Q: What role did your parents play in instilling your intellectual curiosity?

A: My father was a cultural anthropologist, but he was also an amateur still photographer, so I got my love and respect for the power of individual images to convey complex information from him. My mother was sick [with cancer] my whole life and died when I was 11. So in some ways, my love of history and story … if you think in the most basic, elemental ways, history is waking the dead. There’s this powerful, emotional person who wants to wake the dead — to make Abraham Lincoln and Jackie Robinson and Louis Armstrong and Babe Ruth come alive. This is what we do in history.

Q: That’s pretty profound. No matter what direction we go, somehow there is an origin in childhood.

A: I think it’s true of everyone. Sometimes we block that off and protect ourselves from the pain of these things, which is OK, but I feel that real progress as a person involves being brutally honest about yourself to other people, and I try to do that. I think it helps me be a good filmmaker, and helps me talk to people about the things I’m interested in, and the things we all share in common.

Q:  What role did baseball play in your childhood?

A: Because my mom was sick and we were poverty stricken as a result, despite some insurance, baseball was a refuge for me — it was this thing I did to escape the tragedy that was enveloping my family. By the time I was 3 years old, I knew there was something really, really wrong. She didn’t die until a few months short of my 12th birthday. That’s a really long time in childhood to be beset by that.
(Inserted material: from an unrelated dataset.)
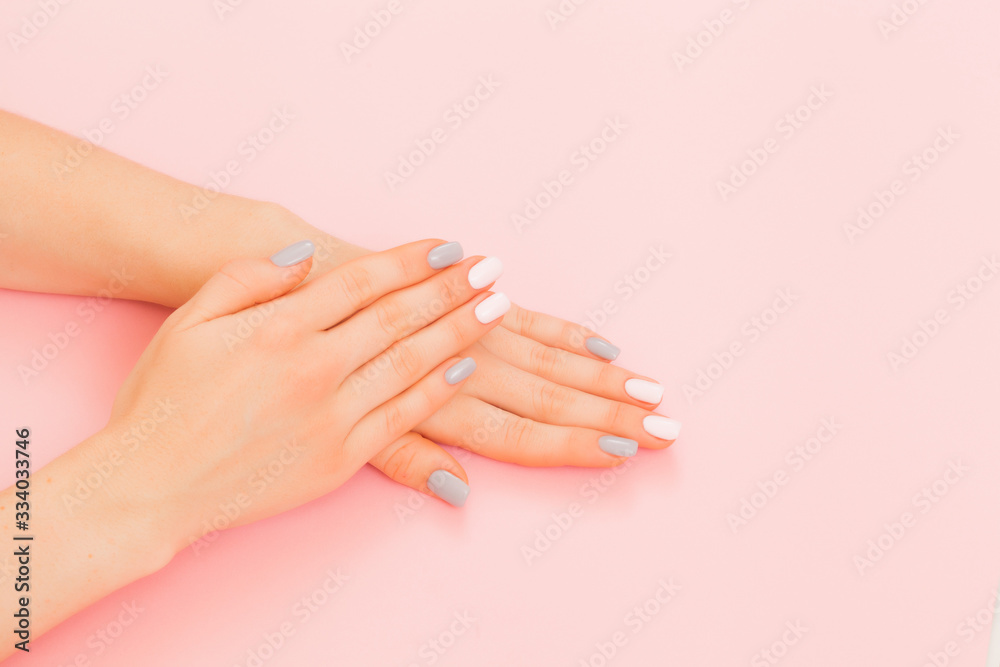 Fototapeta Stylish trendy female manicure. Beautiful young woman's hands on pink background.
For me, the bright moment was baseball games. I remember once, I took my now-grown daughters — when they were around 7 and 11 — to the baseball diamonds where I had played my pony and little league games, and I acted out all these things I had done. I could remember this play, and the time I had done this, and made a diving catch, and did a quick double play. And they sat and just beamed with excitement. I think if you got any one of them in a room and asked them, “What do you remember about your father growing up,” even today they would say that moment when we relived those memories. I didn’t have a bat or a ball. I just pantomimed the action for them. They were the greatest delighted audience I ever had, and it was hugely important for me to do that.

Q: How many children do you have?

A: I now have three girls, with one new one on the way within the next few weeks, and my oldest girl — that then-11-year-old I was just describing to you — is going to make me a grandfather in three months.

Q: Congratulations on all. Is this your first grandchild?

A: This is my first grandchild. I’m very excited. My wife and I don’t know what we’re getting, but my daughter knows she’s having a girl.

Q: How are you preparing for life as a grandfather?

A: I love it. Jerry Seinfeld has a joke about how kids are here to replace us. I would add the corollary that grandchildren are here to give us a kind of immortality. I’m as excited about this little one of mine as I am about my grandchild, and I don’t feel old. I feel like this is what makes you young, and I think that’s very much part of our generation. I’m 57, and I feel as young as you can possibly imagine. I’ve thrown out the first pitch at a dozen major league parks. I’m talking to you from Boston, where I’m about to throw out another one. It’s very exciting.